En la época del desarrollismo español, la obsesión de nuestros padres era comprar una casa. Había muchas razones para ello. Por un lado, una vivienda daba acceso casi inmediato a la clase media. Por otro, estaba el componente de seguridad inherente a los bienes patrimoniales, especialmente útiles de cara a la vejez. Con una economía en constante expansión y con el boom demográfico de la posguerra, el sector inmobiliario representaba una forma de ahorro especialmente productiva y menos compleja en apariencia que la inversión en bolsa o la puesta en marcha de un negocio. Los precios, además, eran razonables para el poder adquisitivo de la época y acompasaban las subidas de la inflación con los salarios. La ausencia de una normativa estricta permitió la proliferación de soluciones urbanísticas dudosas, pero facilitó el acceso a la vivienda. Por supuesto, con el tiempo la urgencia de tener una casa en propiedad ha ido variando. Hay países -como Alemania o Suecia- donde lo habitual es alquilar, facilitándose así la movilidad regional de los trabajadores. El inmobiliario no supone tampoco una inversión financiera provechosa. No necesariamente, al menos: depende de factores como la localización, el precio de compra y del alquiler; el momento del ciclo en los tipos de interés, los costes asociados al mantenimiento y, por supuesto, la ley de la oferta y la demanda. A la hora de invertir, la diversificación es un criterio de prudencia y, por regla general, los países más avanzados suelen dar prioridad al mercado bursátil por encima del ladrillo a la hora de rentabilizar un patrimonio.
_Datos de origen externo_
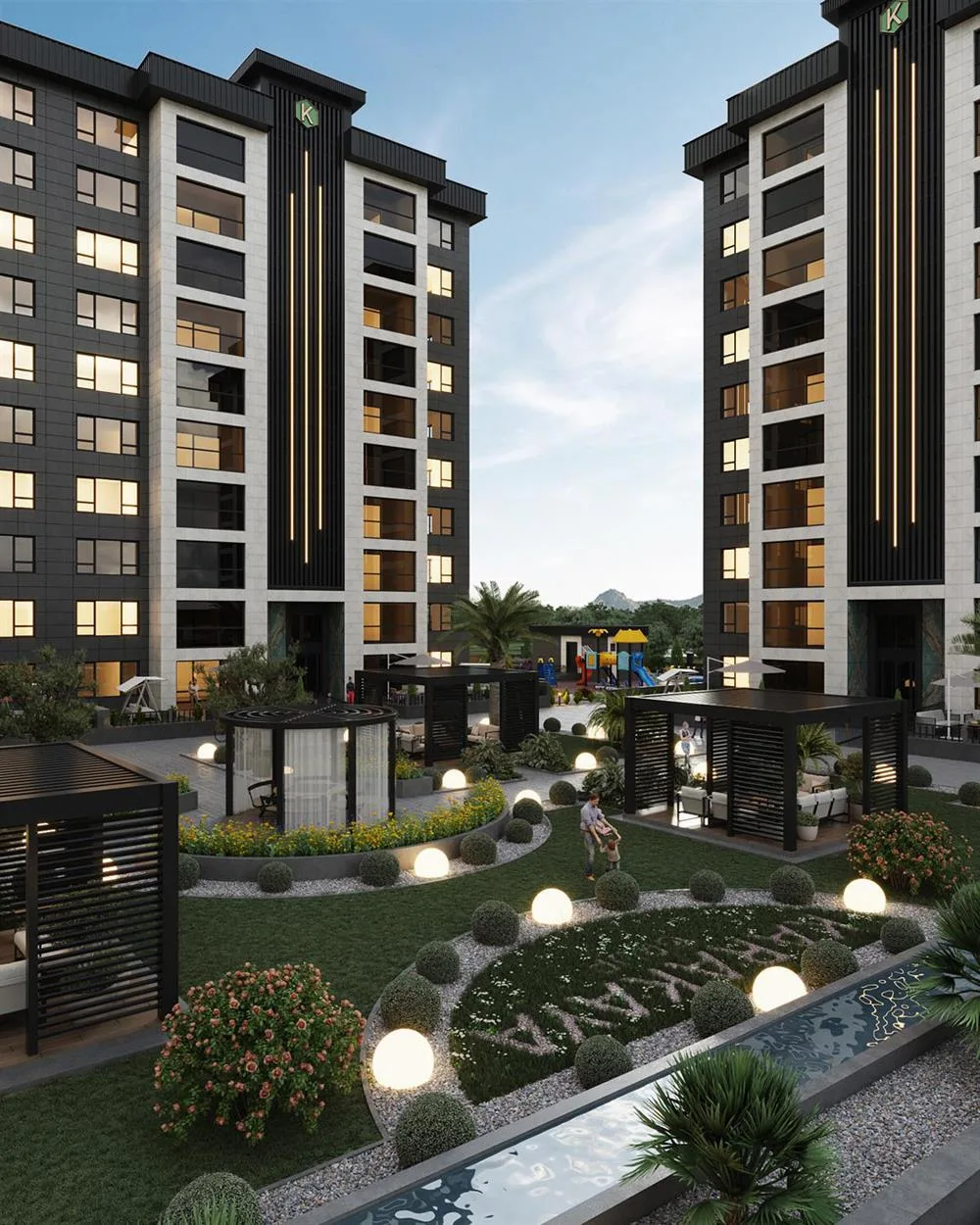 Diplomat Residence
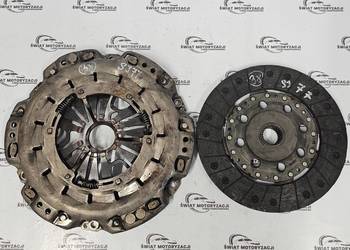 MERCEDES SLK 1.8B 271.944 163KM sprzęgło tarcza docisk A0002528905 MERCEDES SLK 1.8B 271.944 163KM sprzęgło tarcza docisk A0002528905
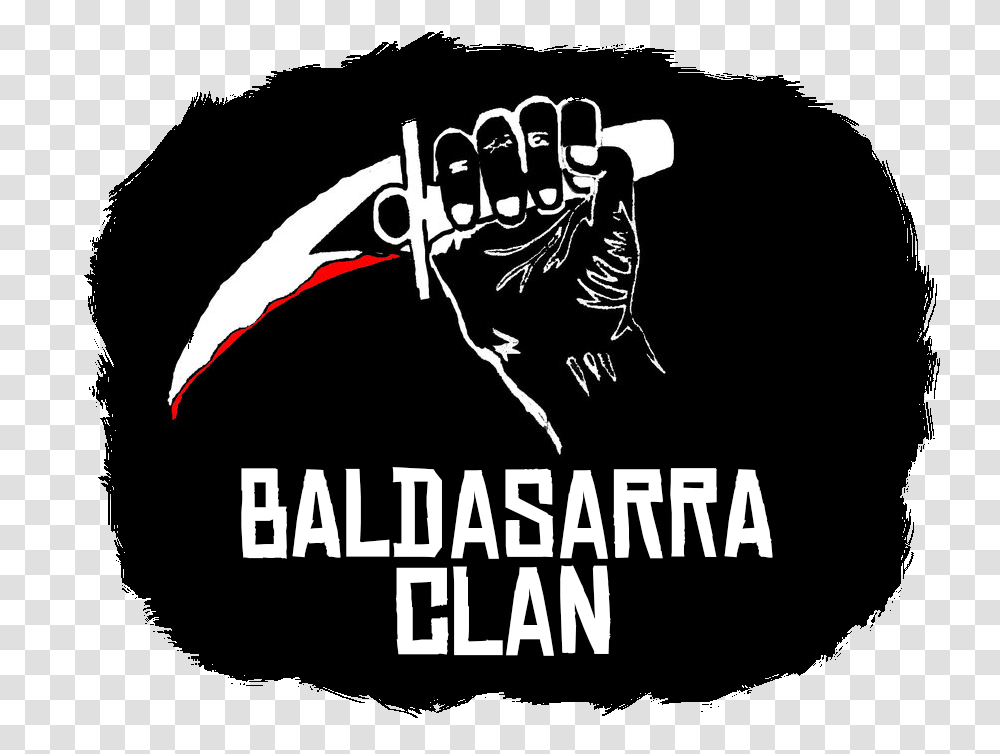 The Baldasarra Crew Factions Archive Gta World Forums Language, Hand, Fist, Poster, Advertisement Transparent Png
Pero esta última regla no excluye la necesidad imperiosa de la vivienda, ya sea adquiriendo una o alquilándola. De hecho, cada vez resulta más evidente que, en buena parte, la fractura social que nos aqueja tiene que ver con la burbuja de los precios inmobiliarios. No se trata de un fenómeno nuevo, aunque sin duda se ha acelerado en nuestro siglo con la globalización y el incremento de la liquidez monetaria. Una "nueva geografía del trabajo" -en palabras del economista Enrico Moretti- empieza a dibujarse en torno a las denominadas ciudades o regiones de éxito, fácilmente detectables por el precio de las casas. En España son ciudades de éxito Madrid y Barcelona, Palma y Málaga, por citar unos ejemplos. A ellas acude en masa la inversión internacional, alterando los equilibrios históricos y sociales del lugar. Por definición, los bienes de calidad son escasos y la competitividad, intensa. El trabajo constituye un elemento clave de la fractura social, pero no el único, y es probable que tampoco sea el principal. Para ello debemos mirar a la propiedad.
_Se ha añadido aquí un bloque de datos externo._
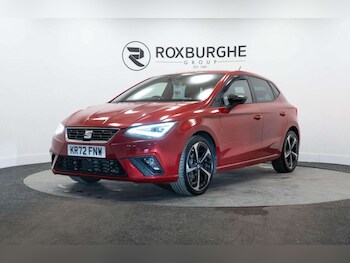 Used SEAT Ibiza 2022 for sale - 77930724: Photo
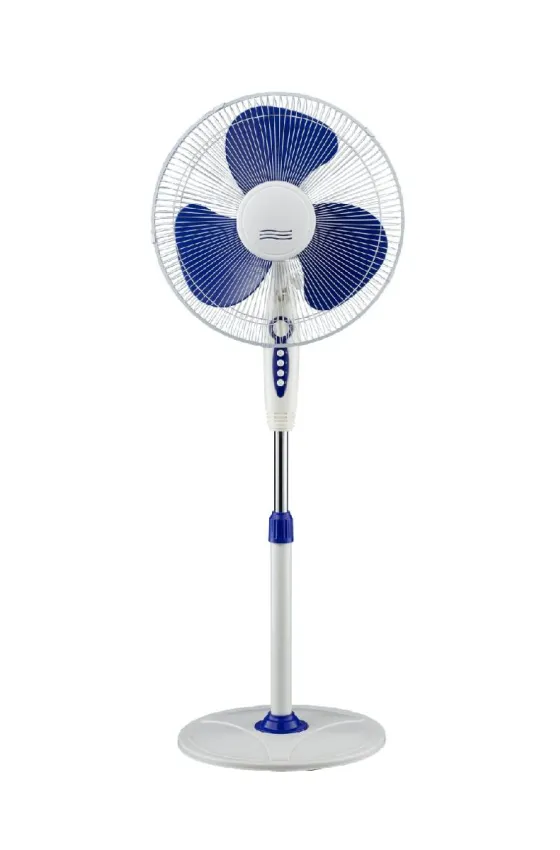 CROWN 16″ STAND FAN WITH TIMER FS1611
Los datos que conocemos año tras año nos hablan de un alza incontrolada en el precio de los inmuebles. Falta oferta y falta oferta accesible, seguramente pública, sobre todo de alquiler. Lo cual significa que, si los gobiernos quieren intervenir a favor de las clases medias y trabajadoras, un campo de actuación relevante es el de la vivienda, donde se debe favorecer la rehabilitación, facilitar la construcción en vertical e incentivar el tejido industrial y comercial fuera de las grandes ciudades. No existen recetas universales ni infalibles, pero lo único seguro es que la inactividad y la ausencia de políticas decididas conducen irremediablemente al fracaso. Y es probable que en estos momentos la viabilidad de una sociedad del bienestar dependa más que nunca del acierto en el desarrollo urbanístico del país.